Empirical Hardness of Finding Optimal Bayesian Network Structures

This is an online supplement for the paper "Empirical Hardness of Finding Optimal Bayesian Network Structures", B. Malone, K. Kangas, M. Järvisalo, M. Koivisto, P. Myllymäki (under revision). We study the empirical hardness of learning an optimal structure of a Bayesian network from statistical data via score-based methods. Specifically, we evaluate three state-of-the-art approaches or "solvers" for learning optimal structures on a collection of benchmark data. We then learn models for predicting the runtime of each solver on a given problem instance, based on various instance features, and use the models to construct algorithm portfolios.

This supplement provides the experiment data, including the benchmark data sets used, the feature values of all instances, the predictive models learned, as well as the measured and predicted runtimes of solvers. We have also made our data available as a scenario in the ASlib algorithm selection library.

Supplemental material for the preliminary AAAI-14 version of this work can be found here.

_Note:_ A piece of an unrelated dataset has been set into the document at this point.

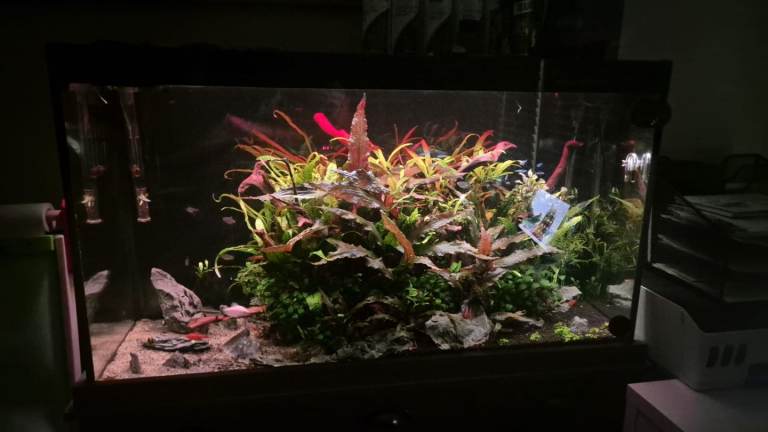 Fish tank fluval Shaker 252 Aquarium – complete setup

Datasets in .csv format (compressed as .tar.gz)

Experiment results

Results table in .csv format

The table contains one line for each BNSL instance, and each line has the following attributes:

name		name of the instance
dataset		name of the source dataset
category		dataset class, one of: real, sampled, synthetic
var		number of variables
rec		number of records in the source dataset
f		scoring function, one of: bdeu, bic
ess		equivalent sample size (? for BIC scores)
pl		parent limit
[solver]	(8 attributes)	running time of [solver], either a number or "to" (timeout) or "mo" (memout)
[feature]	(86 attributes)	value of [feature]
[feature-set].[model-class]_[solver]_prediction	(144 attributes)	predicted runtime of [solver] by the predictor trained using [model-class] and [feature-set]

Models

The models produced by auto-sklearn:

Random forests (820 MB)
Ensemble of various models (45 GB)